Google Shows 'Local Ad Pack'  

Because there can never be too many ads, Google appears to be testing a Local Pack consisting entirely of ads. It was discovered last week, though Google subsequently told Barry Schwartz it's not a new test. I was not able to recreate the results on my own. Examples found by Saad Ali Khan were triggered by the queries "shoes" and "watches." In the screenshot below, the product carousel appears at the top of the page, followed by the "Local Ad Pack." There are two ads featuring retailers with in-store inventory and a "More Places" option, which expands the Ad Pack from two to five listings (see below). On the "shoes" SERP, the organic Local Pack immediately follows the Ad Pack, which didn't itself have any ads but was well below the fold.

Source: @SaadAlikhan1994

Our take:

  • I've never seen a Local Pack exclusively dedicated to ads -- with five ad positions (after being expanded).
  • These ads draw upon real-time inventory, as do many shopping listings now. However, Google made shopping listings free in 2020.
  • These examples are product searches.
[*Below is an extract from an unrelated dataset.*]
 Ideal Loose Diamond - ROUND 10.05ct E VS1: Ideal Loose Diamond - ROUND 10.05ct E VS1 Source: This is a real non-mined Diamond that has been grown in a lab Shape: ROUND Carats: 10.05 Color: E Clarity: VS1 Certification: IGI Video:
There's no reason Google couldn't do the same for services. More ad clutter.

SMBs in a Foul Mood

Small businesses in the US are pessimistic, even though they're actually doing OK. Inflation, perceptions of a government hostile to their interests and fears of recession are souring their outlook, according to a recent online survey of 2,000 "self-identified small business owners ages 18 and up" from SurveyMonkey. All but 5% of respondents had less than 100 employees; 87% were under 20, with the majority (61%) having less than 4 people on their payrolls. Just over 80% said they expected a recession this year; however only 18% said business conditions were "bad." In addition, 78% expected revenues to remain constant or increase over the next 12 months. Their hiring has mostly been flat in the last quarter; 85% expect it to remain so (61%) or actually increase (24%) in the next year. Inflation and supply chain disruptions were seen as the biggest business risks. Only 13% said labor shortages were a major problem.

Source: SurveyMonkey

Our take:

  • There were multiple questions about cybersecurity. Most of these SMBs are unprepared and overconfident in their ability to handle cyberattacks.
  • While inflation is real, the negative expectations are fear-based and contradicted by the actual health of these businesses.  
  • A loss of confidence may impact SMBs' willingness to invest in digital infrastructure and marketing, with broader SaaS repercussions.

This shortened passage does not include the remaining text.